The campaign also offers a dedicated Grandparents' Day infographic that can be shared with family and friends detailing the numbers behind how deeply cataracts impact our elderly worldwide. HelpMeSee is utilizing Grandparents' Day as an opportunity to build more public education around this issue and unite the three million people impacted by cataracts in the US and their families around our program solution.

HelpMeSee invites you to share these graphics along with your favorite photo with grandma and/or grandpa to help share a campaign aimed at providing cataract surgery to those living in developing countries.

Visit the HelpMeSee website homepage to participate in this campaign --

Access to Care Much Different in Developing Countries

Each year, millions of Americans are affected by cataracts, and as our grandparents and parents age, the condition becomes far more likely. Most Americans have access to effective care, often covered by insurance or Medicare. But for those in developing countries, those options simply are not available and many who have cataracts become blind.

Those without access to affordable cataract treatment lose much of their dignity -- they can no longer work, their children drop out of school to take care of them, and they can't provide for their families. Their life expectancy also drops to a third of what it would be if they didn't have cataracts. An affordable surgery can change that and help restore dignity to those who are blind from a treatable condition. 

According to the World Health Organization, two-thirds of those suffering from visual impairment are over 50, and "With an increasing elderly population in many countries, more people will be at risk of visual impairment due to chronic eye diseases and ageing processes." 
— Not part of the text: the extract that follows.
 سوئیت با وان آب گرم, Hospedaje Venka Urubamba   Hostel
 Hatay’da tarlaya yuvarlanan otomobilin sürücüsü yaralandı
Untreated cataracts are the leading cause of blindness throughout the world. In developing countries, blindness and visual impairment can have an enormous negative impact on quality of life as well as reducing life expectancy and economic productivity. There are also severe social and economic burdens placed on their families and caretakers. Despite current efforts, the numbers will continue to increase.
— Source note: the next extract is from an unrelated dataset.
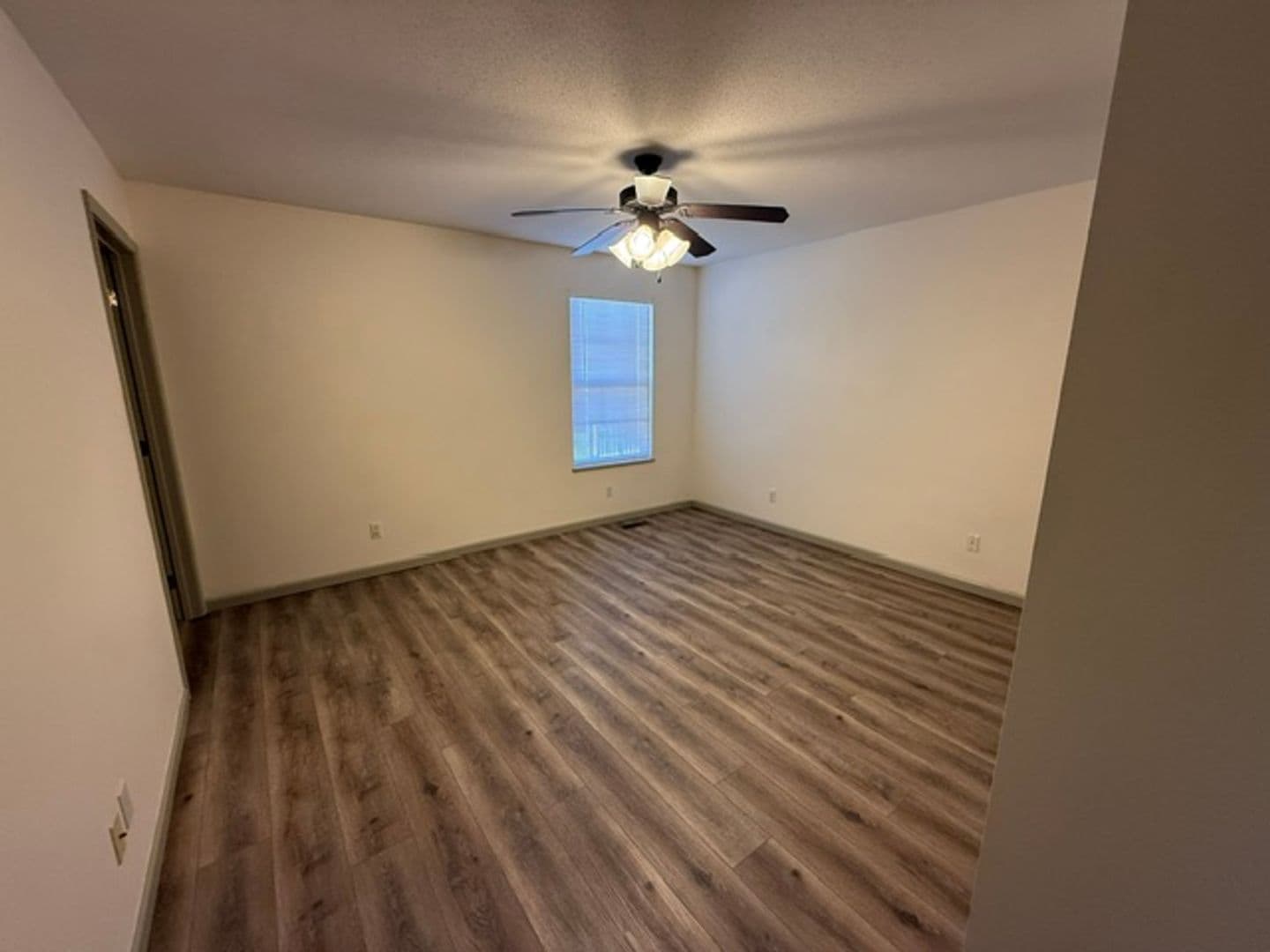 Highland House: 125 Chase Way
  • 1.14 billion people over 55 globally affected
  • 22 million people are blind from cataracts
  • 51% of blindness globally is caused by cataracts
  • 90% of visually impaired live in developing countries (WHO)
  • With cataracts, life expectancy becomes 1/3 that of the norm

HelpMeSee's Solution 

HelpMeSee is a groundbreaking campaign to solve the crisis of cataract blindness. Using a unique model of best-in-class surgical partners and innovative technologies, we plan to eliminate cataract blindness globally within the next 20 years.

HelpMeSee is collaborating with a network of the most respected eye care specialists worldwide, combined with breakthrough simulator technology, to train 30,000 cataract surgical specialists who will deliver sight-saving surgery throughout the developing world where the need is greatest. HelpMeSee, together with our local surgical partners, is committed to saving the sight of 22 million people worldwide over the next twenty years to effectively eliminate cataract blindness.